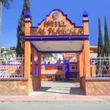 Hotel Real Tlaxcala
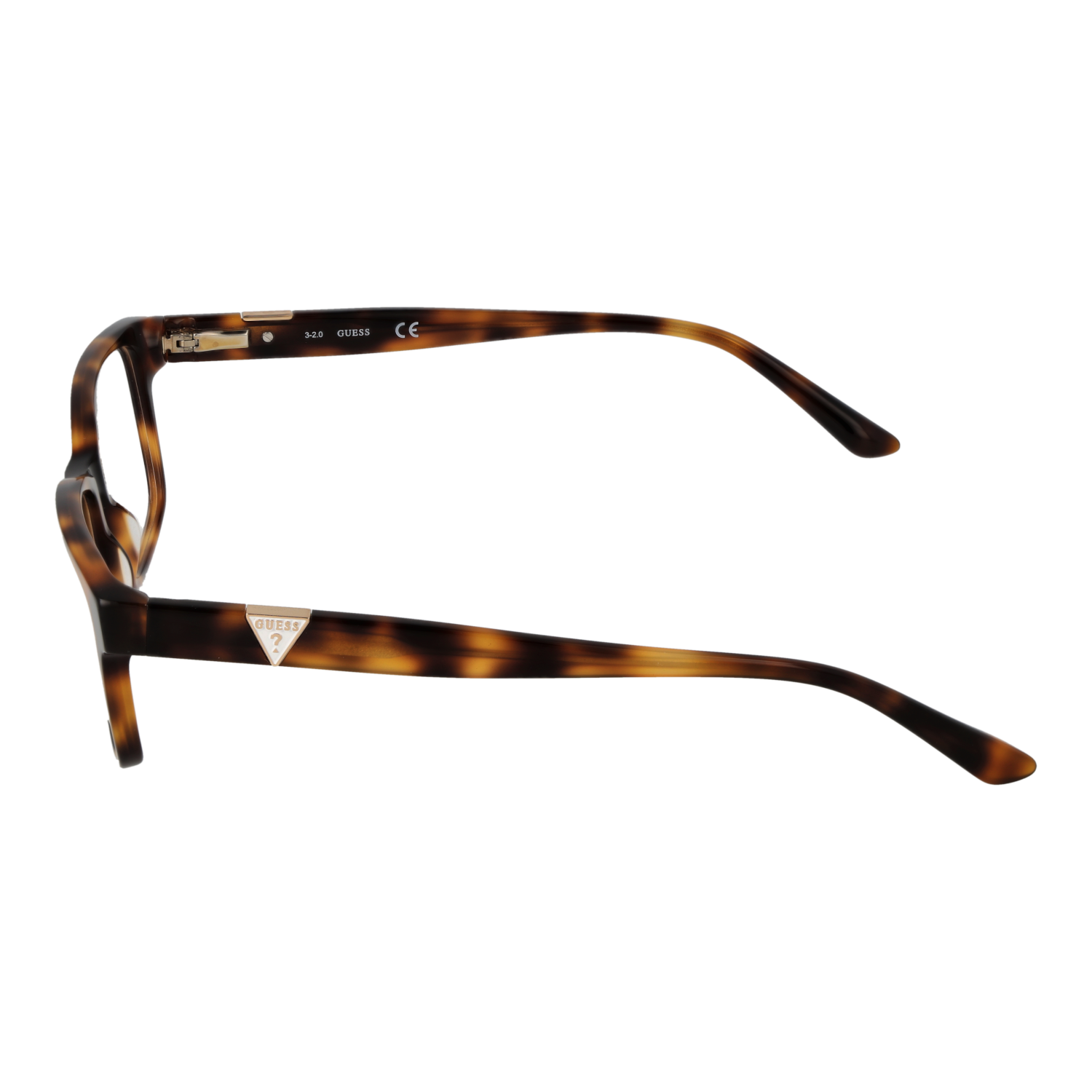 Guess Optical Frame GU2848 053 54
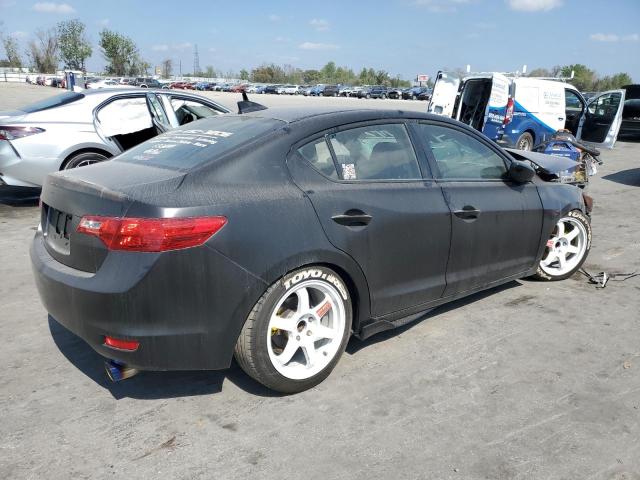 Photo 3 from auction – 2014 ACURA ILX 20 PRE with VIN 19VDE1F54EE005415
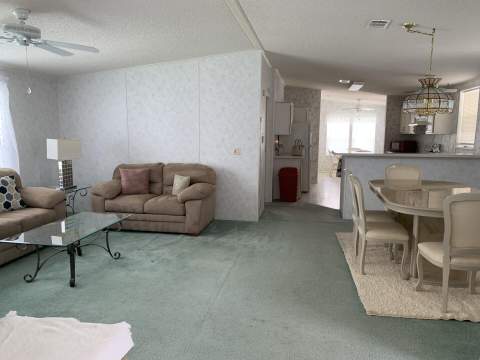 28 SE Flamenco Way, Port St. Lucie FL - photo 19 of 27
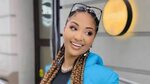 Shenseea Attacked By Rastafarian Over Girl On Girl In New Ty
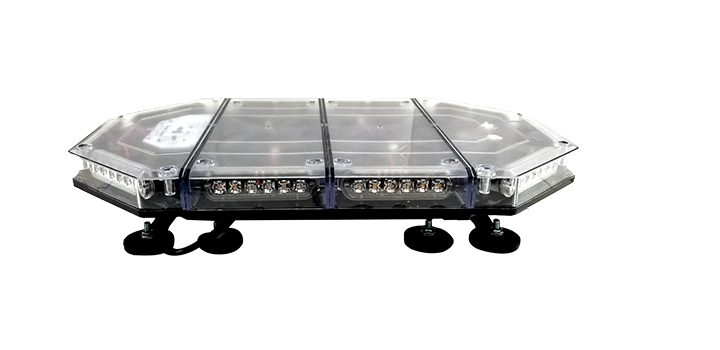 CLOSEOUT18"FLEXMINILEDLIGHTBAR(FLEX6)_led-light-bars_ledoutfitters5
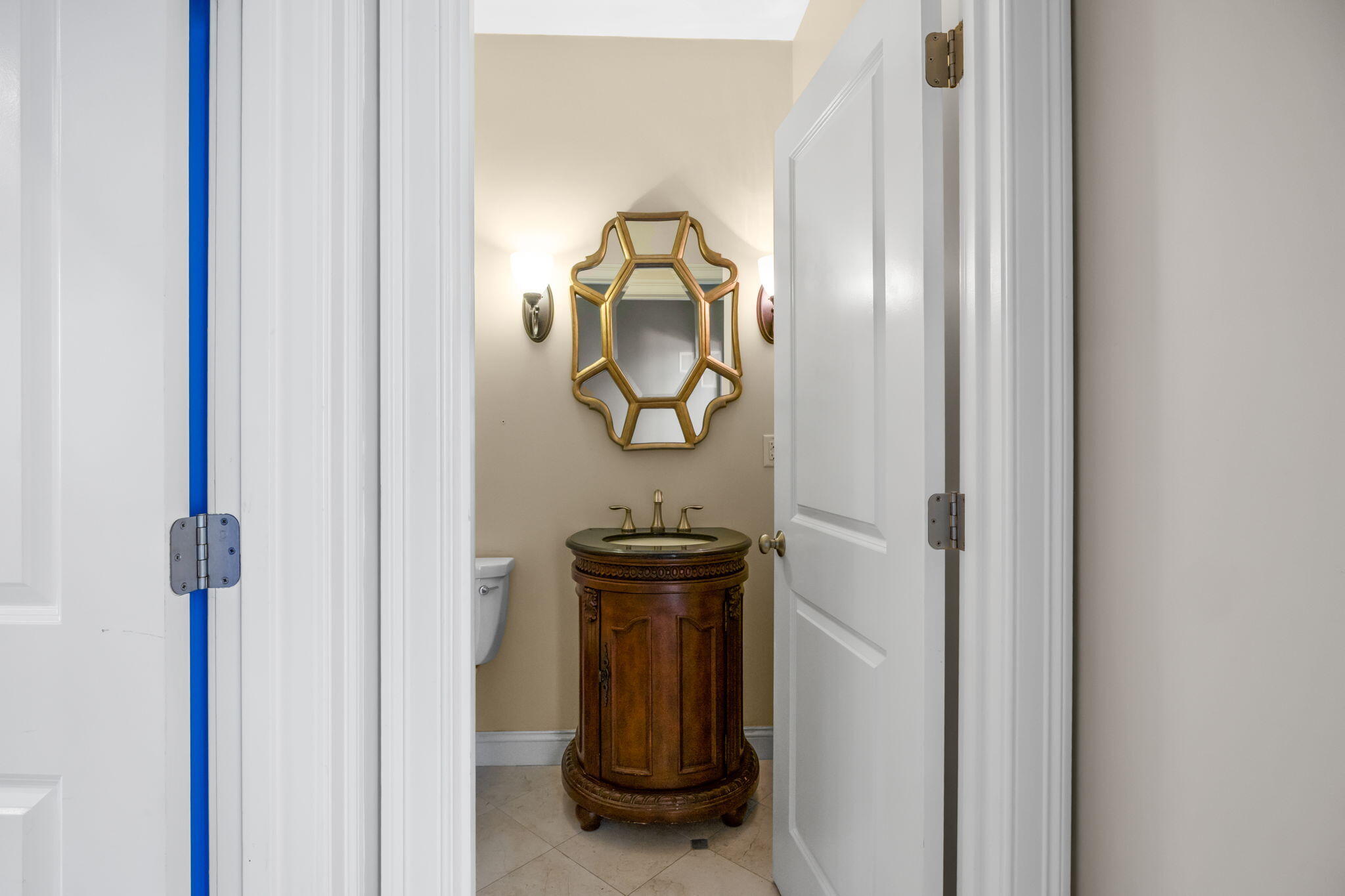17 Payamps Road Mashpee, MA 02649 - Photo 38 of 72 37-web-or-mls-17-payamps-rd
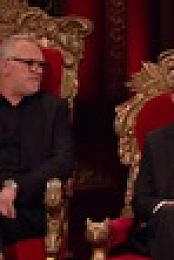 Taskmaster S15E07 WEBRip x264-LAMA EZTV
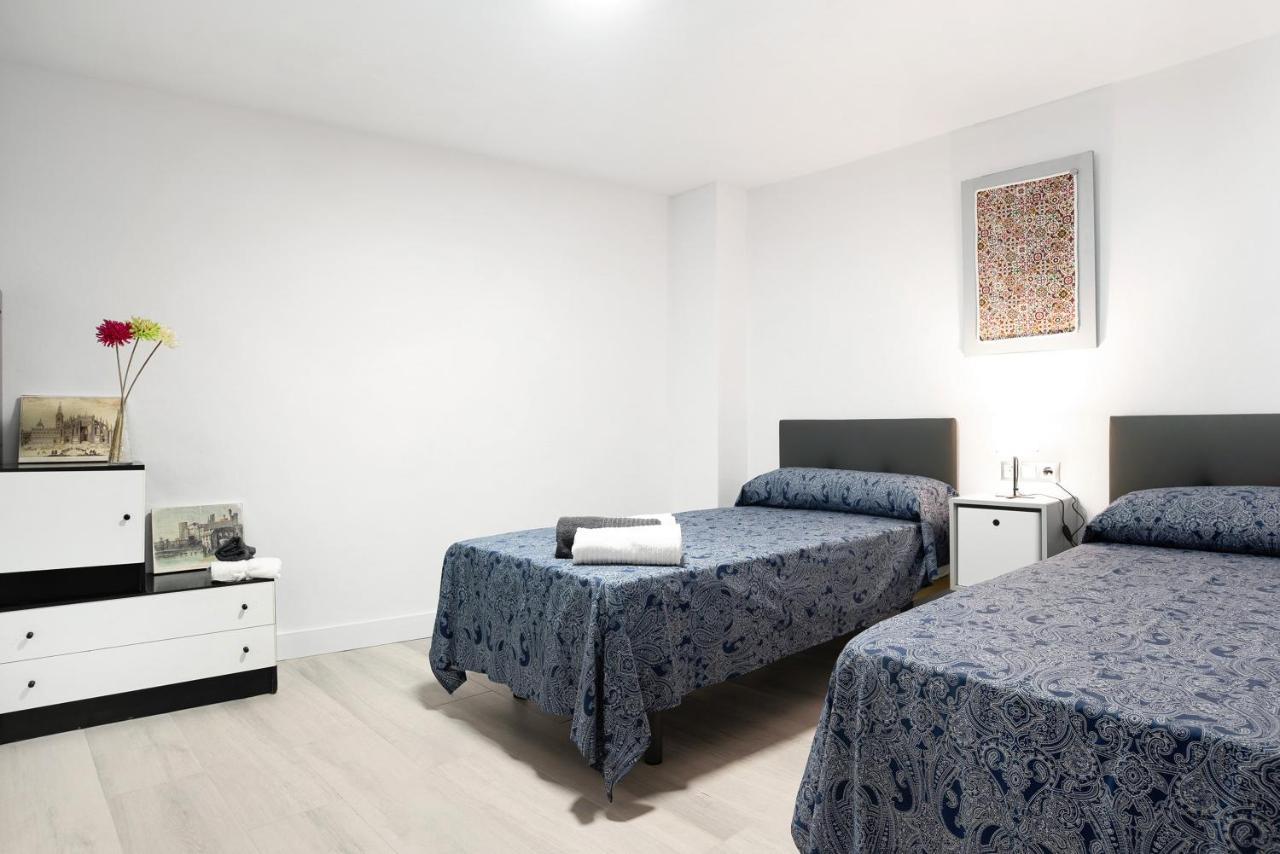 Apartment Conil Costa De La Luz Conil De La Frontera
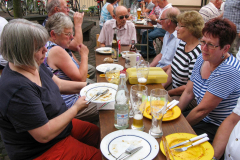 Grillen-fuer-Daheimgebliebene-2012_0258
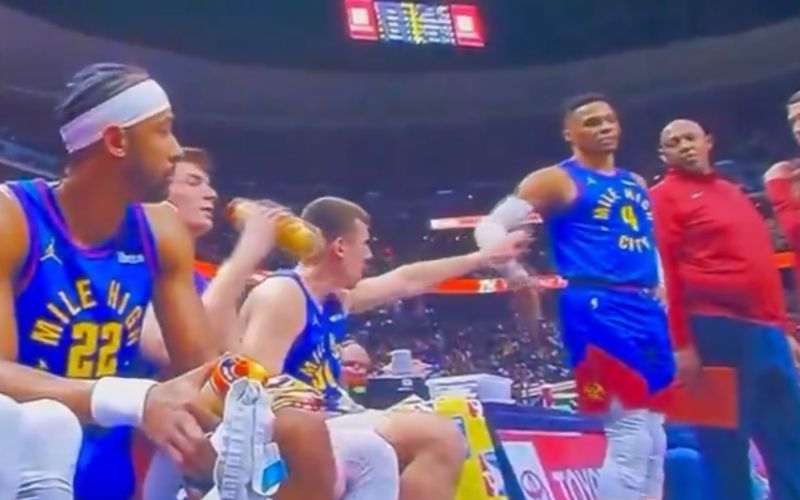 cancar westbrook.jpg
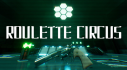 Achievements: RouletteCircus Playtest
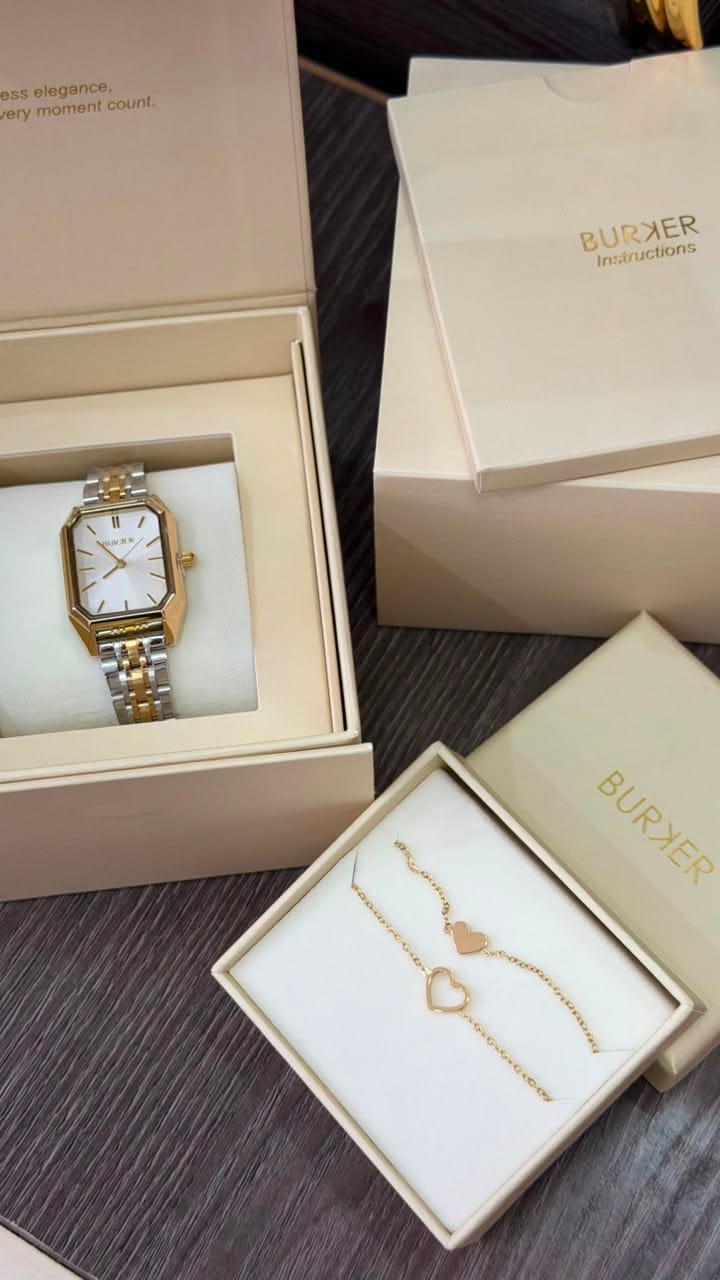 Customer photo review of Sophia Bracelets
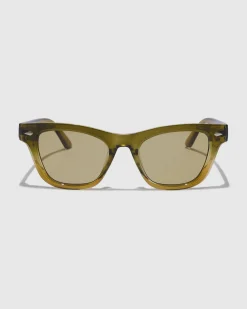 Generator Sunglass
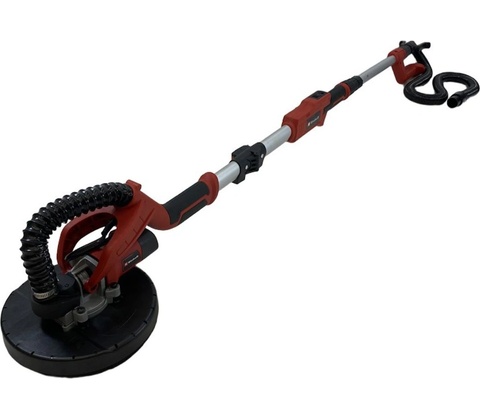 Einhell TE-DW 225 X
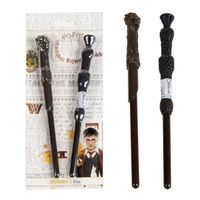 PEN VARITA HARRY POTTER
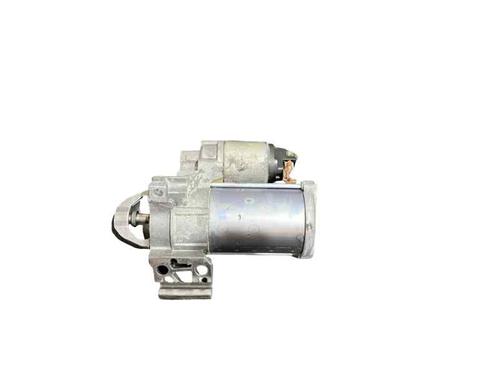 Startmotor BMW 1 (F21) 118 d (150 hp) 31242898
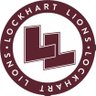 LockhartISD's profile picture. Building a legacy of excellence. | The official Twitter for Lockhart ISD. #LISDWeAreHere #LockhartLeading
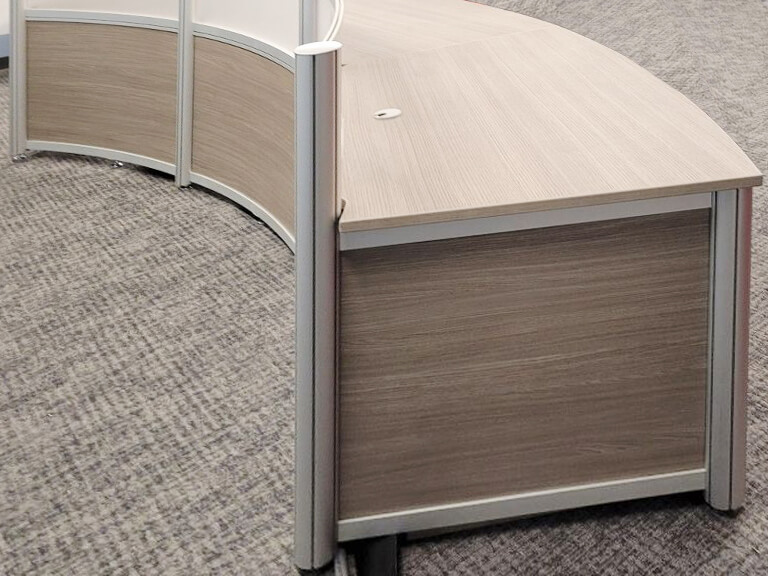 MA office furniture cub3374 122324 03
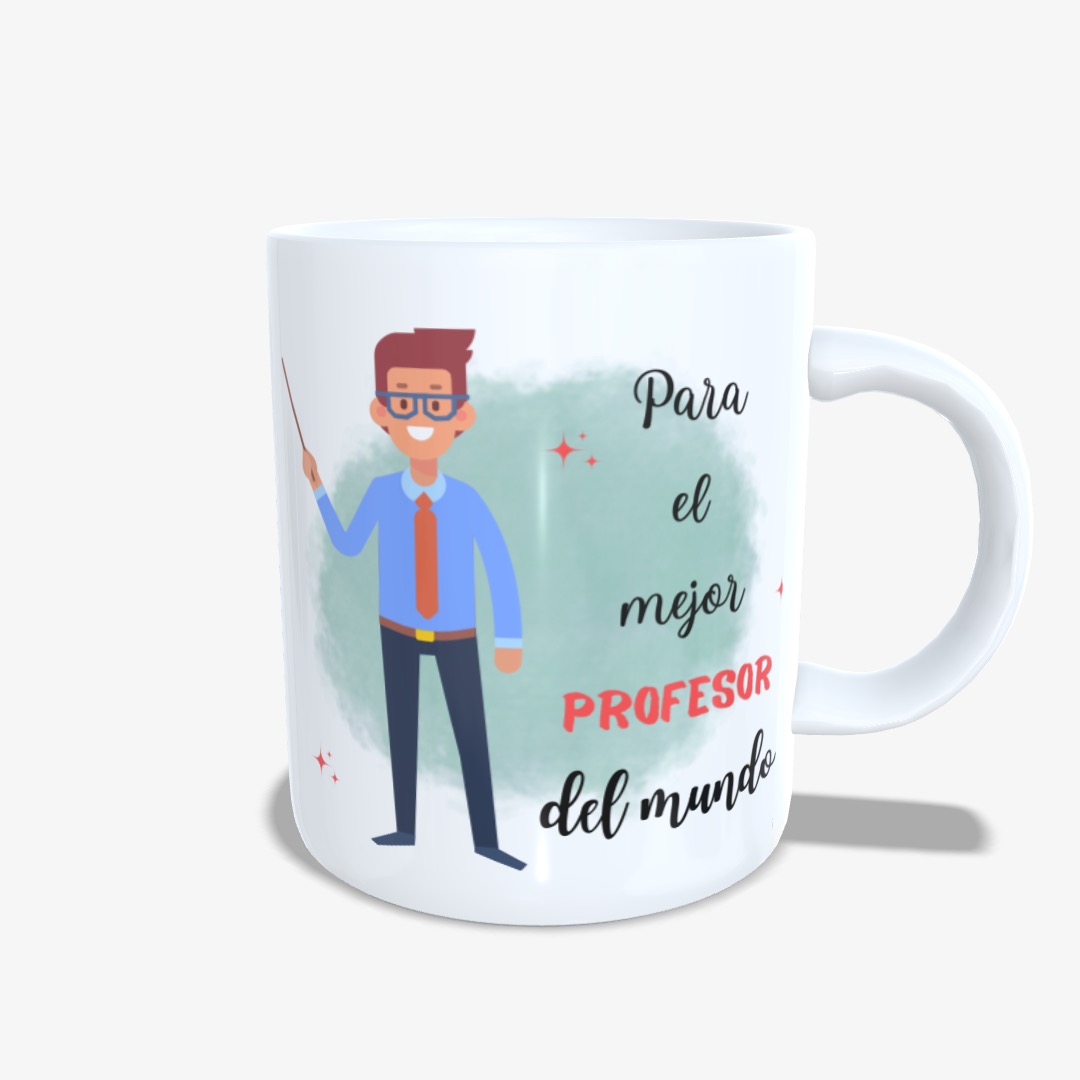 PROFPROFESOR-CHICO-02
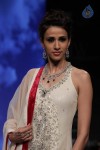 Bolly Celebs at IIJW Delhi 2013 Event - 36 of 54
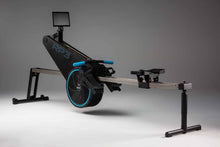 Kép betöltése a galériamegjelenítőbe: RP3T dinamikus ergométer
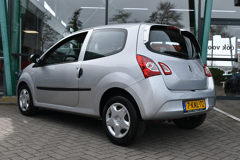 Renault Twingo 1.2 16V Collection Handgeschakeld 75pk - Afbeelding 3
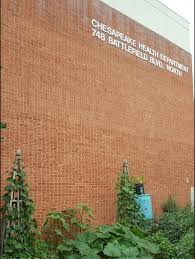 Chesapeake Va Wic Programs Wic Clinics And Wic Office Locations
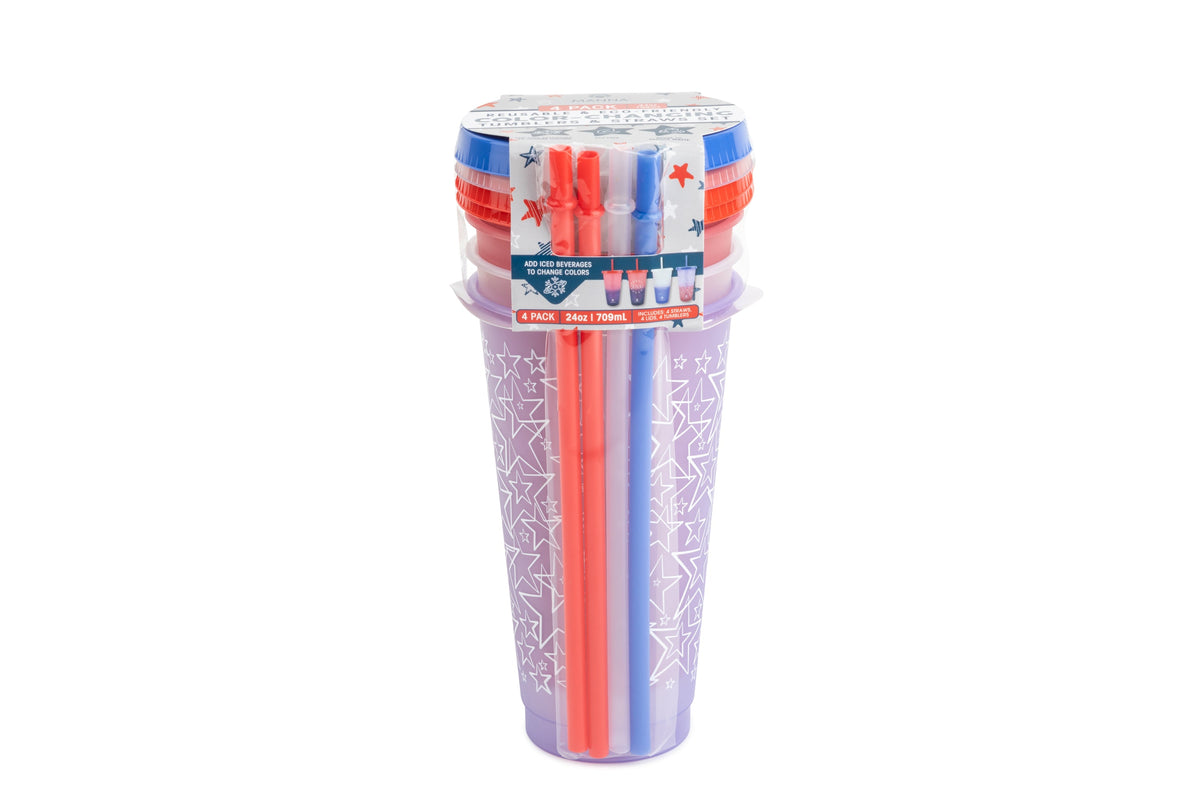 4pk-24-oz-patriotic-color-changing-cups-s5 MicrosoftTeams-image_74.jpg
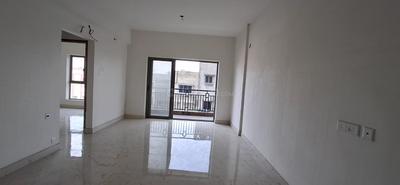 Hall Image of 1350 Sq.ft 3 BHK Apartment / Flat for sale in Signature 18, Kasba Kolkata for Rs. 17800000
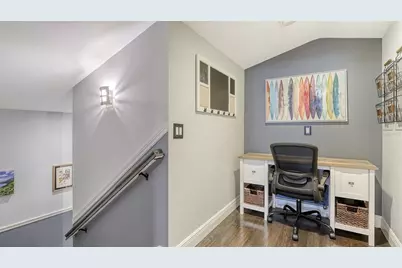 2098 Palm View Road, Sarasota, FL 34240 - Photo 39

◆ ◆ ◆

[Assigned task]: Once the pictures are removed, output the remaining material exactly.

[Reply to the task]:
 Hotel Real Tlaxcala
 Guess Optical Frame GU2848 053 54
 Photo 3 from auction – 2014 ACURA ILX 20 PRE with VIN 19VDE1F54EE005415
 28 SE Flamenco Way, Port St. Lucie FL - photo 19 of 27
 Shenseea Attacked By Rastafarian Over Girl On Girl In New Ty
 CLOSEOUT18"FLEXMINILEDLIGHTBAR(FLEX6)_led-light-bars_ledoutfitters5
17 Payamps Road Mashpee, MA 02649 - Photo 38 of 72 37-web-or-mls-17-payamps-rd
 Taskmaster S15E07 WEBRip x264-LAMA EZTV
 Apartment Conil Costa De La Luz Conil De La Frontera
 Grillen-fuer-Daheimgebliebene-2012_0258
 cancar westbrook.jpg
 Achievements: RouletteCircus Playtest
 Customer photo review of Sophia Bracelets
 Generator Sunglass
 Einhell TE-DW 225 X
 PEN VARITA HARRY POTTER
 Startmotor BMW 1 (F21) 118 d (150 hp) 31242898
 LockhartISD's profile picture. Building a legacy of excellence. | The official Twitter for Lockhart ISD. #LISDWeAreHere #LockhartLeading
 MA office furniture cub3374 122324 03
 PROFPROFESOR-CHICO-02
 Bolly Celebs at IIJW Delhi 2013 Event - 36 of 54
 Kép betöltése a galériamegjelenítőbe: RP3T dinamikus ergométer
 Renault Twingo 1.2 16V Collection Handgeschakeld 75pk - Afbeelding 3
 Chesapeake Va Wic Programs Wic Clinics And Wic Office Locations
 4pk-24-oz-patriotic-color-changing-cups-s5 MicrosoftTeams-image_74.jpg
 Hall Image of 1350 Sq.ft 3 BHK Apartment / Flat for sale in Signature 18, Kasba Kolkata for Rs. 17800000
 2098 Palm View Road, Sarasota, FL 34240 - Photo 39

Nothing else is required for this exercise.